I managed to ping the failing sites on the machine where the jobs are running, so I'm not sure how it could be a DNS setting.

3. Selenium throws NoSuchElementExceptions:
2017-08-16 15:28:14,963 ERROR [FetcherThread] org.apache.nutch.protocol.selenium.Http: Failed to get protocol output java.lang.RuntimeException: org.openqa.selenium.NoSuchElementException: {"errorMessage":"Unable to find element with tag name 'body'","request":{"headers":{"Accept-Encoding":"gzip,deflate","Connection":"Keep-Alive","Content-Length":"35","Content-Type":"application/json; charset=utf-8","Host":"localhost:32377","User-Agent":"Apache-HttpClient/4.5.2 (Java/1.8.0_144)"},"httpVersion":"1.1","method":"POST","post":"{\"using\":\"tag name\",\"value\":\"body\"}","url":"/element","urlParsed":{"anchor":"","query":"","file":"element","directory":"/","path":"/element","relative":"/element","port":"","host":"","password":"","user":"","userInfo":"","authority":"","protocol":"","source":"/element","queryKey":{},"chunks":["element"]},"urlOriginal":"/session/7eec7df0-8297-11e7-b678-71c58580ccf2/element"}} Command duration or timeout: 288 milliseconds

I'm seeing this one a lot, not sure what the issue could be. Opened some of the links and there is definitely a <body> tag in their HTML.

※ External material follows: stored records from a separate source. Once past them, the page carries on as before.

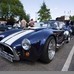 AC Cobra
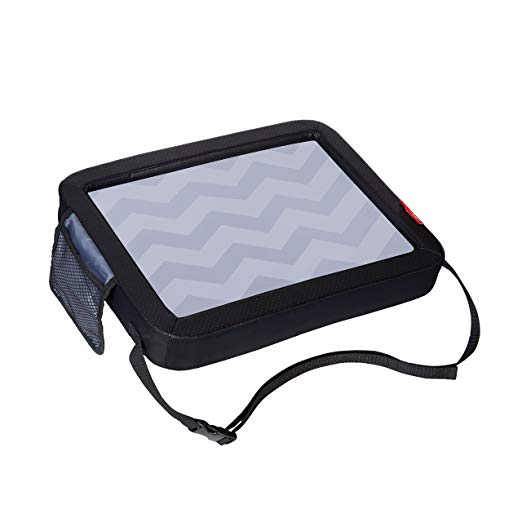 Skip Hop Activity Tray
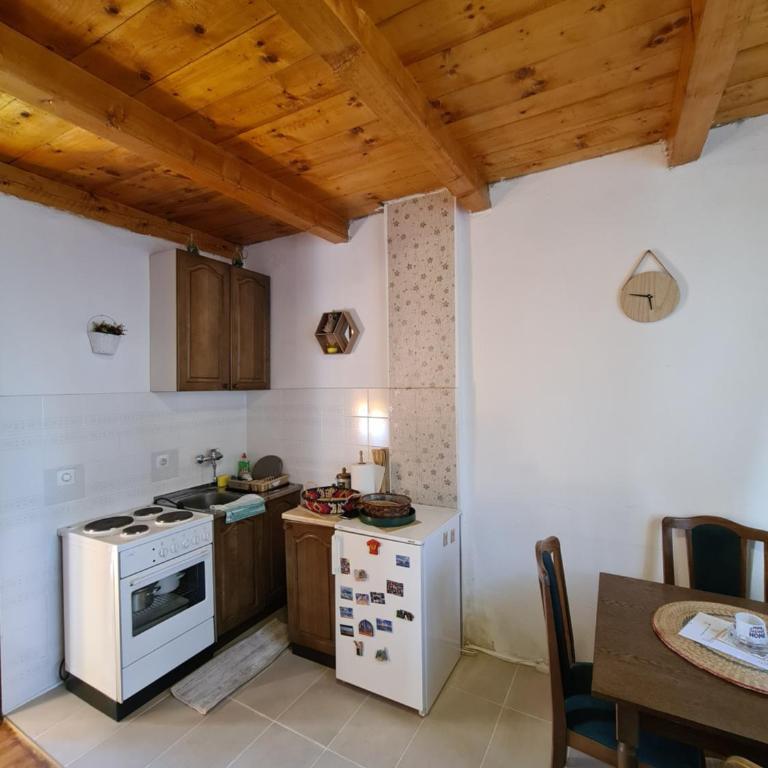 Stevan's house - Vacation Home - 8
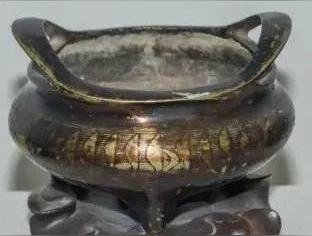 坟地放啥发横财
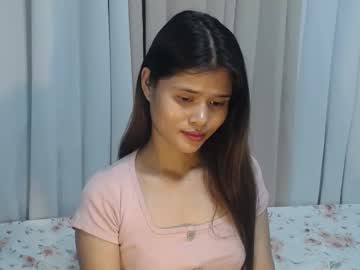 sexylady pinayx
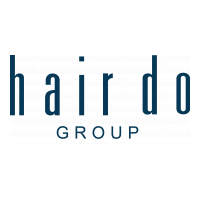 hair do Group日本髮型屋集團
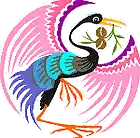 Picture for song 'Future Blues' by artist 'johnny hoodoo'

4. Encoding issues pop up with some of the robots.txt files. I checked out of multiple of these and they seem fine (no special characters or anything as far as I can tell). This is what the exception looks like:
2017-08-16 15:24:37,765 WARN [FetcherThread] crawlercommons.robots.SimpleRobotRulesParser: Problem processing robots.txt for http://www.zeneszmagazin.hu/nyitolap.html 2017-08-16 15:24:37,765 WARN [FetcherThread] crawlercommons.robots.SimpleRobotRulesParser: Unknown line in robots.txt file (size 551): ????n?0 ?? ?z=`?b[iW`( 2017-08-16 15:24:37,765 WARN [FetcherThread] crawlercommons.robots.SimpleRobotRulesParser: Unknown line in robots.txt file (size 551): ? 2017-08-16 15:24:37,765 WARN [FetcherThread] crawlercommons.robots.SimpleRobotRulesParser: Unknown line in robots.txt file (size 551): ?] ??8??Ii???$???n??\?'?<???;r?J-??p????????{}?Y???9??????q?x???]Lk?'?<VsK????L^?_?v??????>3??9l9??-+????S"????????P???Q5???x5o?? 2017-08-16 15:24:37,765 WARN [FetcherThread] crawlercommons.robots.SimpleRobotRulesParser: Unknown line in robots.txt file (size 551): '?2?:2>???(?z?

5. Crawling AngularJS/Angular2 is not working properly, I tried multiple sites using one of these frameworks, but it seems I'm always getting the 'unloaded' version as the html I'm getting often only consist of a "Loading..." text or something similar.
I tried to set page load delay, but I'm not sure if it's actually working:
page.load.delay = "10"
libselenium.page.load.delay = "10"
selenium.page.load.delay = "10"
Some of the above issues could be because of the faulty data received from some of these sites, auto-skipping those could be an acceptable solution if we can predictably detect those cases.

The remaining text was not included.